_Your instructions_:
Find the line with "Ein Monitor zeigt" in the records below. Output exactly from there until after the line with "Llamazing Blooms - Scrub", without pictures.

_Information provided_:
------------------------------

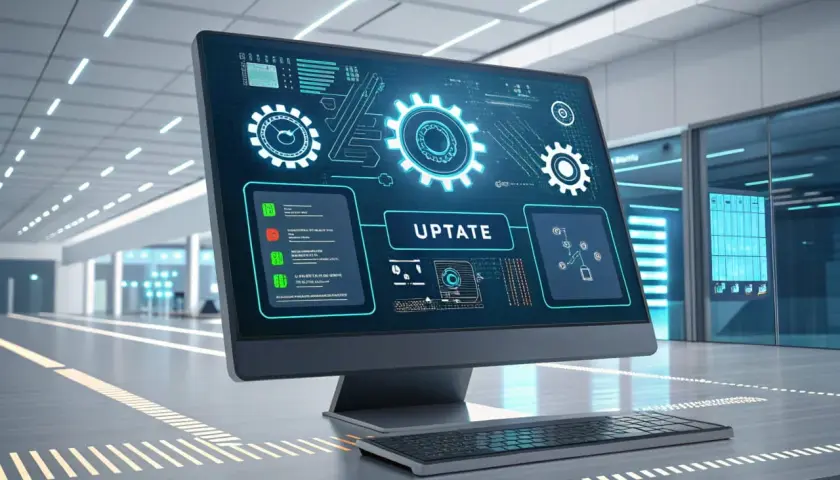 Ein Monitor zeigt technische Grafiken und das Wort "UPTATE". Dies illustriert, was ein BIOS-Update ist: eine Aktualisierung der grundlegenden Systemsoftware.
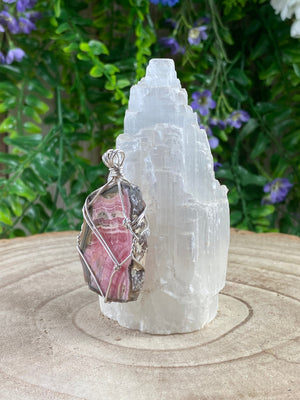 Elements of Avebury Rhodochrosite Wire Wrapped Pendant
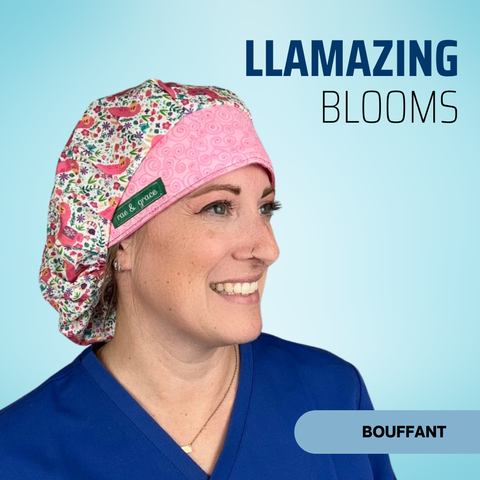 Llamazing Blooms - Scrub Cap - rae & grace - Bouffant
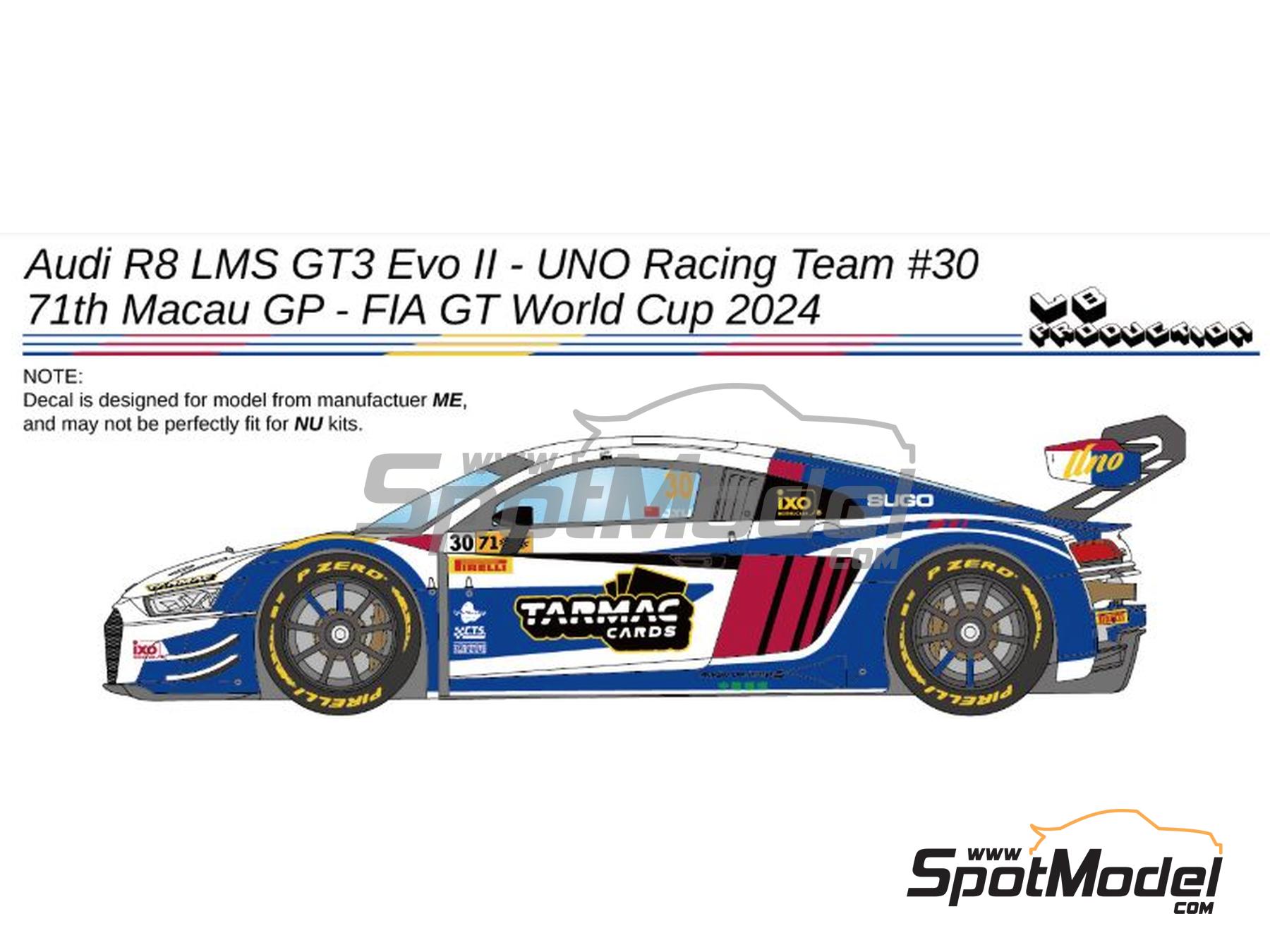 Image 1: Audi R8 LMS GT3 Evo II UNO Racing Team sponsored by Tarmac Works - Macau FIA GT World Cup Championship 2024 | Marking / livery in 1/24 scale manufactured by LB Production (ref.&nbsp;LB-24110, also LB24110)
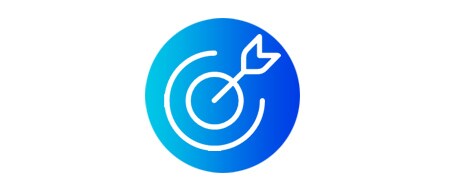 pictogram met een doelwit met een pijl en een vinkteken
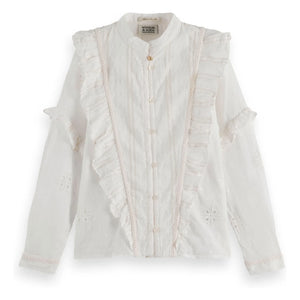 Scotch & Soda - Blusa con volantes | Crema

------------------------------

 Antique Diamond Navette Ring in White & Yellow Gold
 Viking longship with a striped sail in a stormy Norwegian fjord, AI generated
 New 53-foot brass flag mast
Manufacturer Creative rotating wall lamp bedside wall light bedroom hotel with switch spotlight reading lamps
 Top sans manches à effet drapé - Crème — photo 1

------------------------------

_Expected output_:
 Ein Monitor zeigt technische Grafiken und das Wort "UPTATE". Dies illustriert, was ein BIOS-Update ist: eine Aktualisierung der grundlegenden Systemsoftware.
 Elements of Avebury Rhodochrosite Wire Wrapped Pendant
 Llamazing Blooms - Scrub Cap - rae & grace - Bouffant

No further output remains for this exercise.